====== Data in this exercise

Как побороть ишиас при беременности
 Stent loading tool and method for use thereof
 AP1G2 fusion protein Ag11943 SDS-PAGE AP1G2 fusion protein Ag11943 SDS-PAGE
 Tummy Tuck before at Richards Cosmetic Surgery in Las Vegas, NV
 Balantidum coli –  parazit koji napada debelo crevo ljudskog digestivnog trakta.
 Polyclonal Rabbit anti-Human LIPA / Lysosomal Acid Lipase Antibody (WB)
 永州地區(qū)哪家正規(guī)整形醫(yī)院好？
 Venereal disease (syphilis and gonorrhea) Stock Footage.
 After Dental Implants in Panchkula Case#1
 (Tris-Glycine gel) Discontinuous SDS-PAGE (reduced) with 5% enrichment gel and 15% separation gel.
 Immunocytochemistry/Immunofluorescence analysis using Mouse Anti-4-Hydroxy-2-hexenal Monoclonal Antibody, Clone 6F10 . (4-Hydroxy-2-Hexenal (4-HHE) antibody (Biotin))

============

# Work instructions:
Could you output each line above exactly as it was given?

# Solved problem:
Как побороть ишиас при беременности
 Stent loading tool and method for use thereof
 AP1G2 fusion protein Ag11943 SDS-PAGE AP1G2 fusion protein Ag11943 SDS-PAGE
 Tummy Tuck before at Richards Cosmetic Surgery in Las Vegas, NV
 Balantidum coli –  parazit koji napada debelo crevo ljudskog digestivnog trakta.
 Polyclonal Rabbit anti-Human LIPA / Lysosomal Acid Lipase Antibody (WB)
 永州地區(qū)哪家正規(guī)整形醫(yī)院好？
 Venereal disease (syphilis and gonorrhea) Stock Footage.
 After Dental Implants in Panchkula Case#1
 (Tris-Glycine gel) Discontinuous SDS-PAGE (reduced) with 5% enrichment gel and 15% separation gel.
 Immunocytochemistry/Immunofluorescence analysis using Mouse Anti-4-Hydroxy-2-hexenal Monoclonal Antibody, Clone 6F10 . (4-Hydroxy-2-Hexenal (4-HHE) antibody (Biotin))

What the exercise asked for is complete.